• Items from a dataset
········
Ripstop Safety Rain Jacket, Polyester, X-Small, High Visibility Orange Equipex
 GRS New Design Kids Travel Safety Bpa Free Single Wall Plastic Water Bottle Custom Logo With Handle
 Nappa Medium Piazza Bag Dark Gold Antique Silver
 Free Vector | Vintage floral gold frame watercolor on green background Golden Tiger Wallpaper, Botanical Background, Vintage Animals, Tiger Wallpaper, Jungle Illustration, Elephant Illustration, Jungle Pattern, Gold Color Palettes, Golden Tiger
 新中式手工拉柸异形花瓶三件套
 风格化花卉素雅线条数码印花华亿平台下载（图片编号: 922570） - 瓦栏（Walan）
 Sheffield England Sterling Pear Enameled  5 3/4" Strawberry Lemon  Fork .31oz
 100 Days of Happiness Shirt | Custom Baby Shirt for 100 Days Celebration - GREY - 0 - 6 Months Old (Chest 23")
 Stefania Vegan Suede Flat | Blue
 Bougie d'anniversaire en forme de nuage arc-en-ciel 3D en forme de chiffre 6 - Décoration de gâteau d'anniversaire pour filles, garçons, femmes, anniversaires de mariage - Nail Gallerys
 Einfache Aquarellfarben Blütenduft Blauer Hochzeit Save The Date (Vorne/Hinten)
········
Nothing in the records may be left out; reproduce them exactly.

Ripstop Safety Rain Jacket, Polyester, X-Small, High Visibility Orange Equipex
 GRS New Design Kids Travel Safety Bpa Free Single Wall Plastic Water Bottle Custom Logo With Handle
 Nappa Medium Piazza Bag Dark Gold Antique Silver
 Free Vector | Vintage floral gold frame watercolor on green background Golden Tiger Wallpaper, Botanical Background, Vintage Animals, Tiger Wallpaper, Jungle Illustration, Elephant Illustration, Jungle Pattern, Gold Color Palettes, Golden Tiger
 新中式手工拉柸异形花瓶三件套
 风格化花卉素雅线条数码印花华亿平台下载（图片编号: 922570） - 瓦栏（Walan）
 Sheffield England Sterling Pear Enameled  5 3/4" Strawberry Lemon  Fork .31oz
 100 Days of Happiness Shirt | Custom Baby Shirt for 100 Days Celebration - GREY - 0 - 6 Months Old (Chest 23")
 Stefania Vegan Suede Flat | Blue
 Bougie d'anniversaire en forme de nuage arc-en-ciel 3D en forme de chiffre 6 - Décoration de gâteau d'anniversaire pour filles, garçons, femmes, anniversaires de mariage - Nail Gallerys
 Einfache Aquarellfarben Blütenduft Blauer Hochzeit Save The Date (Vorne/Hinten)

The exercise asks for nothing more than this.